[Supplied material]
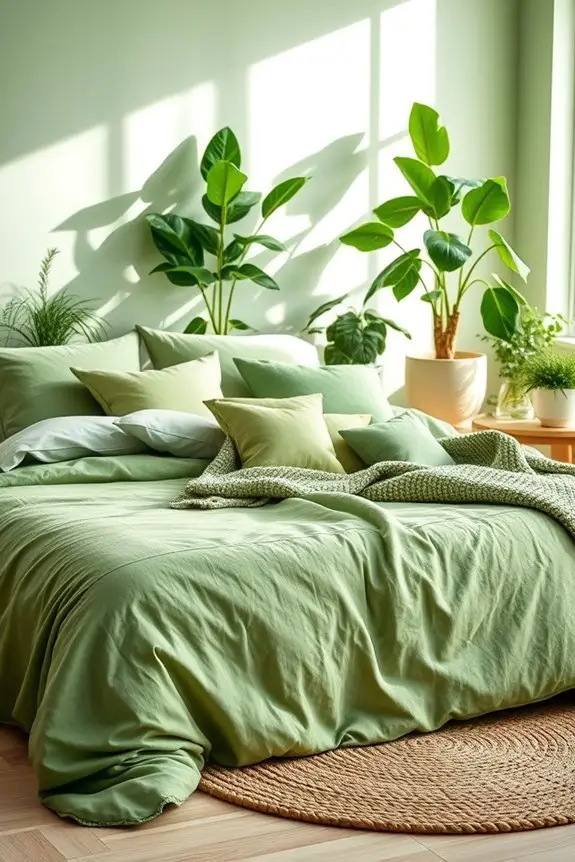 layered green bedroom textiles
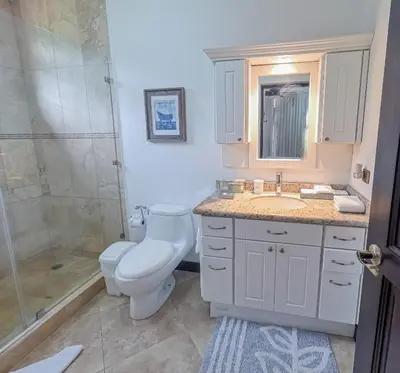 a bathroom with a toilet and a shower and a sink at Luxury Walkout Beachfront Jaco Condo-Sleep 6 in Jacó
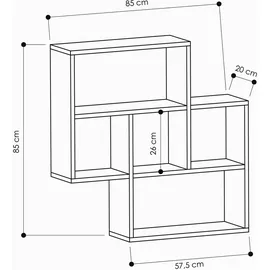 dema home Wandregal Maybe 85 x 20 x 85 cm Braun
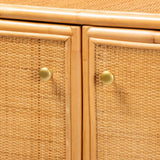 Natural Rattan Storage Cabinet, 2-Door, Light Honey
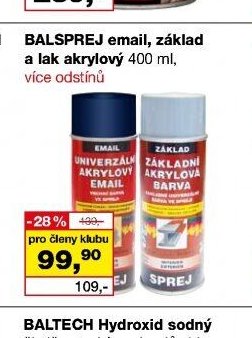 BALSPREJ email, základ a lak akrylový 400 ml, více odstínů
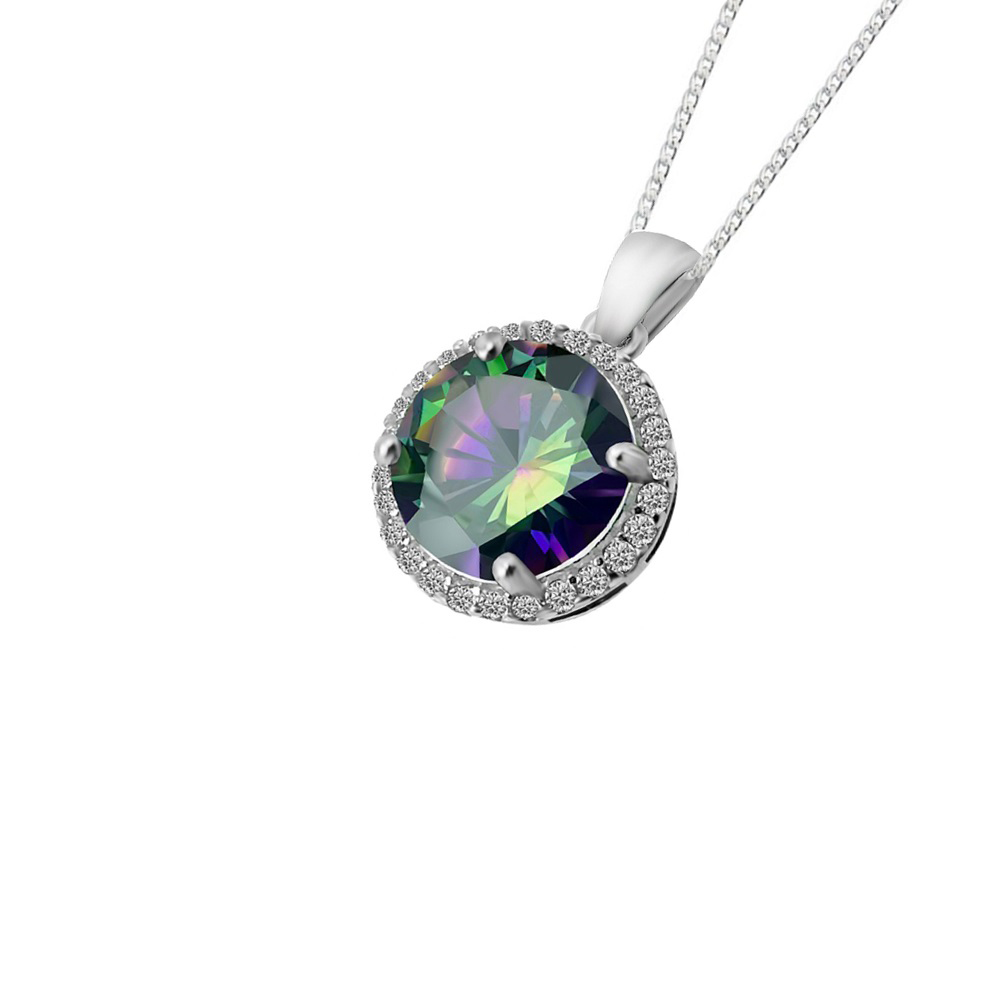 Sette 925 Silver Rainbow Colours Stone Necklace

[Exercise requirements]
Your answer should consist solely of the lines from the line with "Natural Rattan Storage" to the final line of the listing, set down word for word, pictures omitted.

[Solution to this problem]
 Natural Rattan Storage Cabinet, 2-Door, Light Honey
 BALSPREJ email, základ a lak akrylový 400 ml, více odstínů
 Sette 925 Silver Rainbow Colours Stone Necklace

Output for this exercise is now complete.